Copy out and return the lines from the one holding "Next is Student" to the end of the listing below, both included, omitting the pictures.

• Dataset records
--------
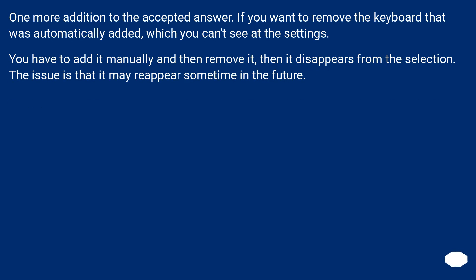One more addition to the accepted answer. If you want to remove the keyboard that was automatically added, which you can't see at the settings, you have to add it manually and then remove it, then it disappears from the selection. The issue is that it may reappear sometime in the future.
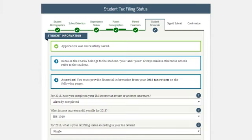Next is Student Tax Information and Student Financial Information. This is where the student enters federal tax information if he or she worked and filed taxes. This is similar to the parent's tax information.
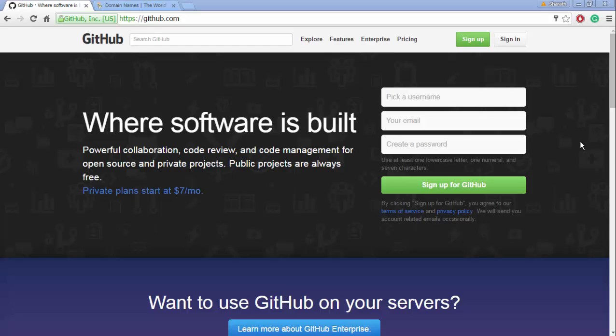Hi guys, this is Sharath again. In the last video I showed you how to create a website on GitHub, how to host it on GitHub, and how to use a custom URL for your GitHub-hosted website.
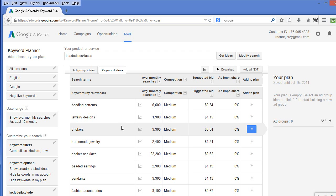I recommend going through this process of researching keywords once a month or once every two months to make sure you are still using the best keywords possible. That's all I have for you in this video. Thank you for taking the time to watch, and as always, I hope you found this information helpful.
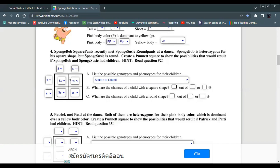The chances of a child with a square shape are two out of four, or 50 percent. The chances of a child with a round shape are also two out of four, or 50 percent.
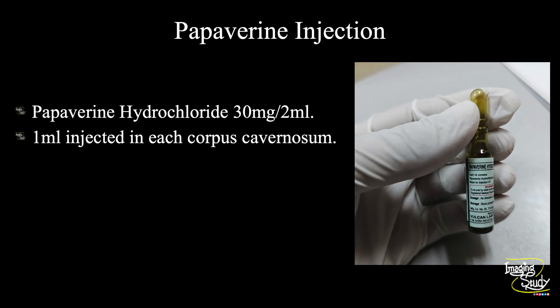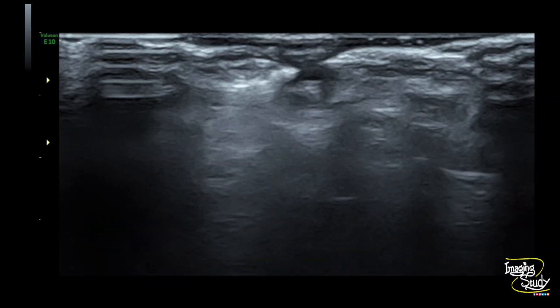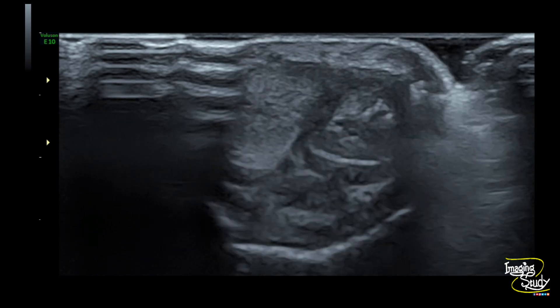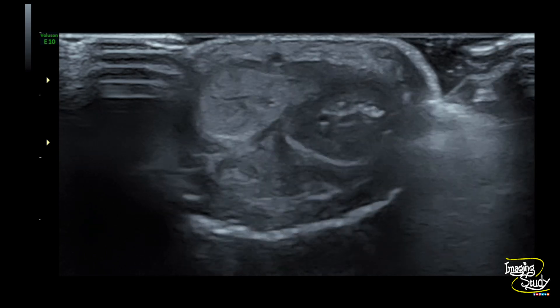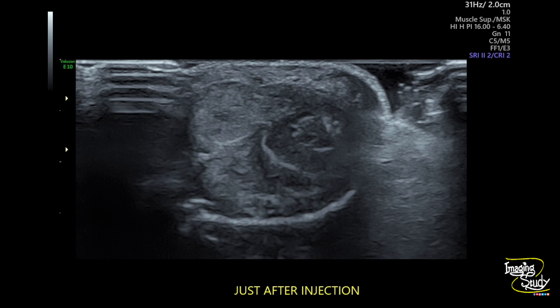Now we have used the papaverine injection. This is the ampoule we used — papaverine hydrochloride 30 mg per 2 ml. We injected 1 ml into each corpus cavernosum with an insulin syringe at the proximal parts. Here is the picture of the corpus cavernosa after the injection. You can see echogenic foci confirming the drug was injected at the proper site, which we also confirmed with ultrasound guidance during injection.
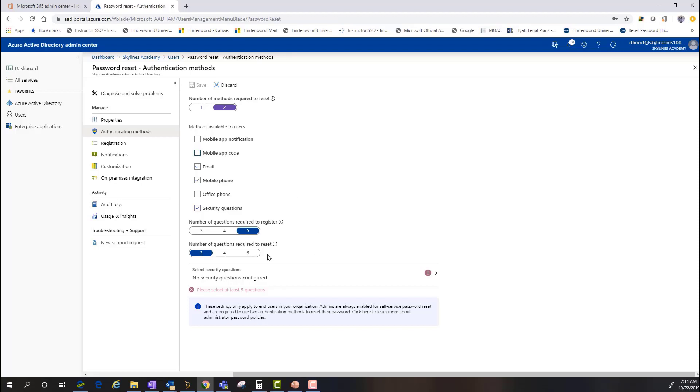For the purpose of the security questionnaire, the basic breakdown is that you can select the number of questions that are going to be required to answer and then the number of questions that are going to be needed to reset. So in this example, you can see I'm going to present five questions, three of which need to be correct.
--------
• Task output
Next is Student Tax Information and Student Financial Information. This is where the student enters federal tax information if he or she worked and filed taxes. This is similar to the parent's tax information.
Hi guys, this is Sharath again. In the last video I showed you how to create a website on GitHub, how to host it on GitHub, and how to use a custom URL for your GitHub-hosted website.
I recommend going through this process of researching keywords once a month or once every two months to make sure you are still using the best keywords possible. That's all I have for you in this video. Thank you for taking the time to watch, and as always, I hope you found this information helpful.
The chances of a child with a square shape are two out of four, or 50 percent. The chances of a child with a round shape are also two out of four, or 50 percent.
Now we have used the papaverine injection. This is the ampoule we used — papaverine hydrochloride 30 mg per 2 ml. We injected 1 ml into each corpus cavernosum with an insulin syringe at the proximal parts. Here is the picture of the corpus cavernosa after the injection. You can see echogenic foci confirming the drug was injected at the proper site, which we also confirmed with ultrasound guidance during injection.
For the purpose of the security questionnaire, the basic breakdown is that you can select the number of questions that are going to be required to answer and then the number of questions that are going to be needed to reset. So in this example, you can see I'm going to present five questions, three of which need to be correct.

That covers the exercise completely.